* _What to work on_:
Transcribe only the lines in the data below falling between the line with "Person sitting on brick ledge with flowers" and the line with "Close-up of pink", including those two lines, and leave out any picture.

* _Data for processing_:
%%

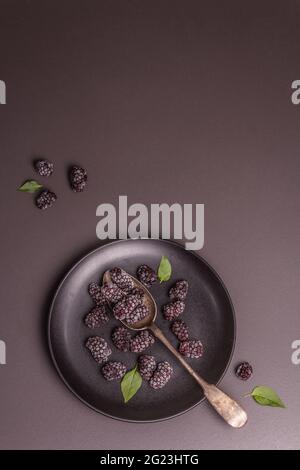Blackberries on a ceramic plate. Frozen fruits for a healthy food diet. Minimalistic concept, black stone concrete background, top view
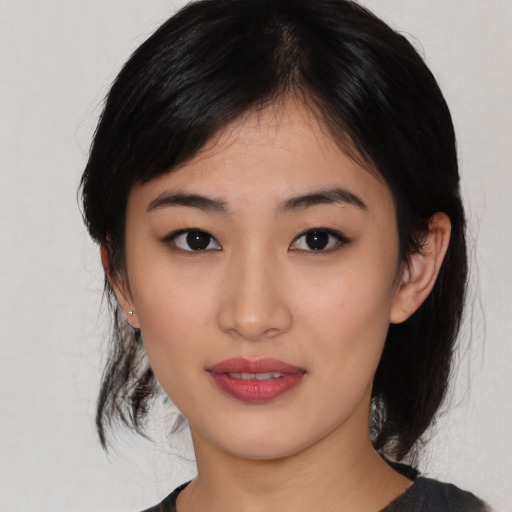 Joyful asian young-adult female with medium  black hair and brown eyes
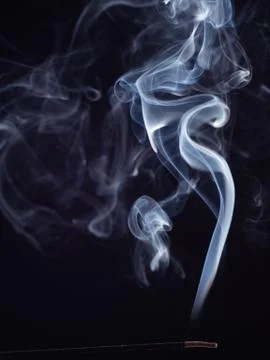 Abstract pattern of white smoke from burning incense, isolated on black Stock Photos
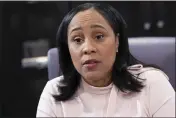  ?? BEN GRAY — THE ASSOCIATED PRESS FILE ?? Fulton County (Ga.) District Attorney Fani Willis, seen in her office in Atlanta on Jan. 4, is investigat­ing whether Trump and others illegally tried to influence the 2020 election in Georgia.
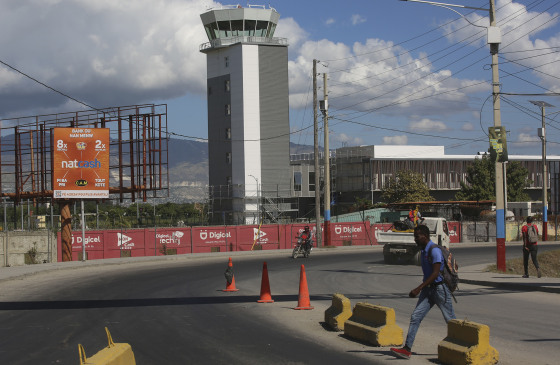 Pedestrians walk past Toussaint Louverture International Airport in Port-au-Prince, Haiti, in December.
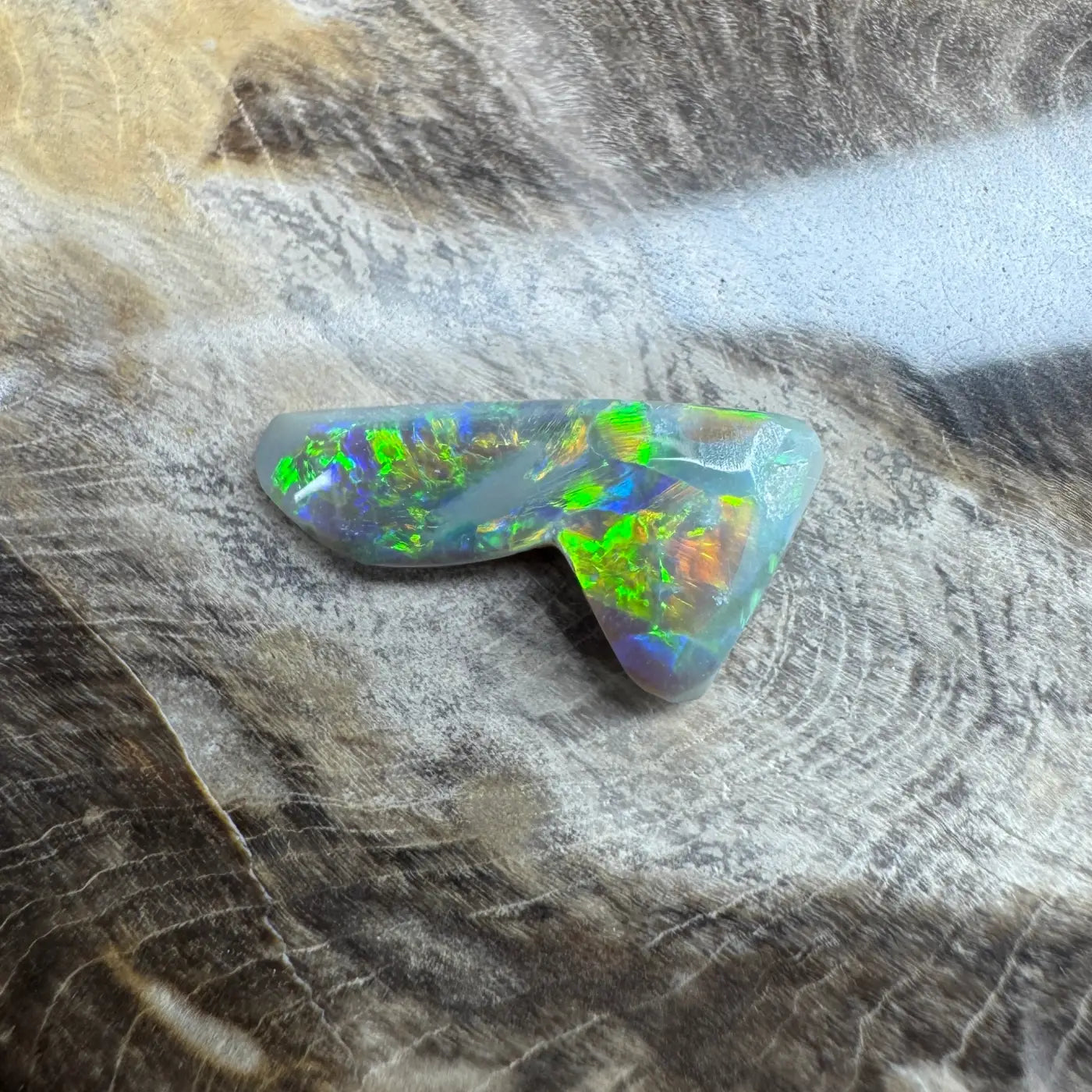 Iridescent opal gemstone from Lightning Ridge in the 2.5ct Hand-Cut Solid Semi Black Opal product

%%
%%

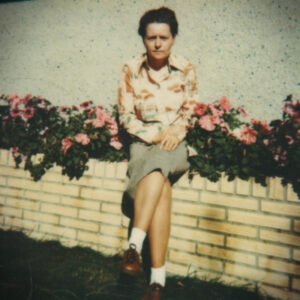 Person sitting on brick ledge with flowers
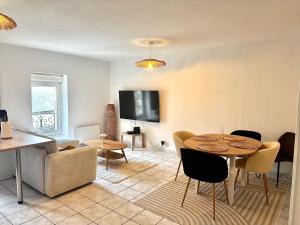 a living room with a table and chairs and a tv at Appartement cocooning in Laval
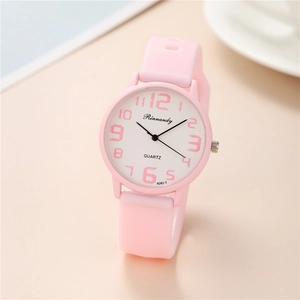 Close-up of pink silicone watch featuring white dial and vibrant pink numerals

%%

* _Solution to this problem_:
 Person sitting on brick ledge with flowers
 a living room with a table and chairs and a tv at Appartement cocooning in Laval
 Close-up of pink silicone watch featuring white dial and vibrant pink numerals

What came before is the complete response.